[EXERCISE DESCRIPTION]
Print the lines that run from the line with "Now I'm going" to the line with "G'day dudes, it's", keeping both end lines, exactly as they appear in the entries below, and nothing else.

[DATA TO USE]
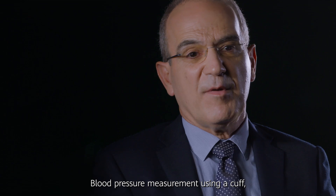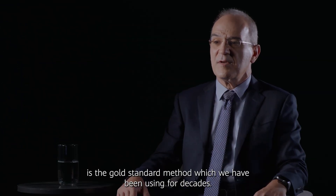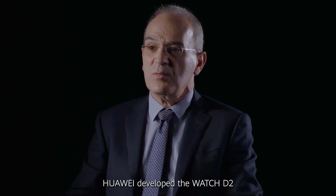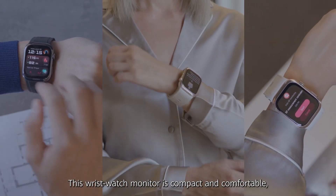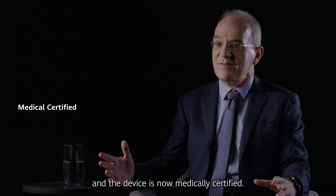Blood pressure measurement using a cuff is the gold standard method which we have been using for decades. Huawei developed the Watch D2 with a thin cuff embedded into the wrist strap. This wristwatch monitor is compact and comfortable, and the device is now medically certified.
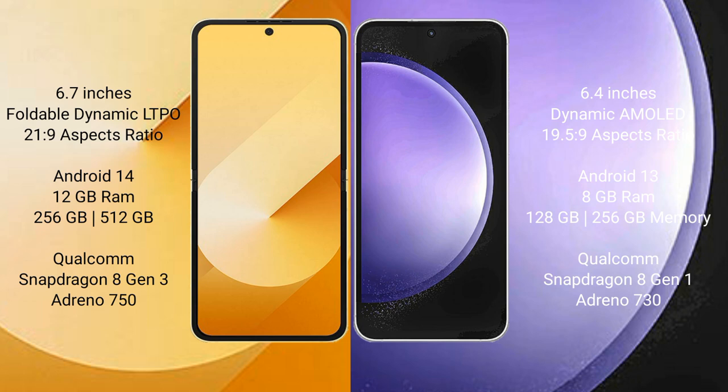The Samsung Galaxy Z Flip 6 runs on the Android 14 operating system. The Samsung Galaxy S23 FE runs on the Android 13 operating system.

---

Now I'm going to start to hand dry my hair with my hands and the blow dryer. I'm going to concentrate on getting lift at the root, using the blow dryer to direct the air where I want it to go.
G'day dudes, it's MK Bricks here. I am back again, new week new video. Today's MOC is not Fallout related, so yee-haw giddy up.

* * *

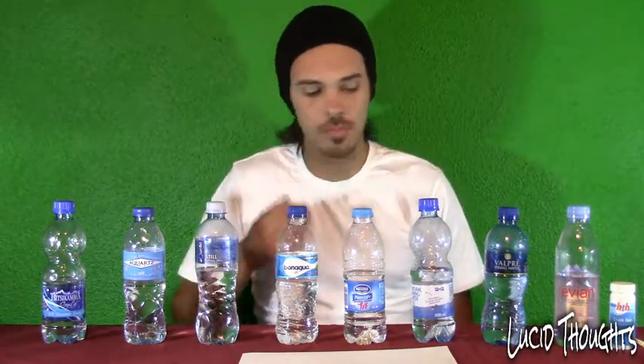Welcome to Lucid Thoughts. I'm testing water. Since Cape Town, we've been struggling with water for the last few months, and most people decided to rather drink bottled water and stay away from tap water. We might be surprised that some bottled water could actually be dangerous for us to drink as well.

[EXERCISE SOLUTION]
Now I'm going to start to hand dry my hair with my hands and the blow dryer. I'm going to concentrate on getting lift at the root, using the blow dryer to direct the air where I want it to go.
G'day dudes, it's MK Bricks here. I am back again, new week new video. Today's MOC is not Fallout related, so yee-haw giddy up.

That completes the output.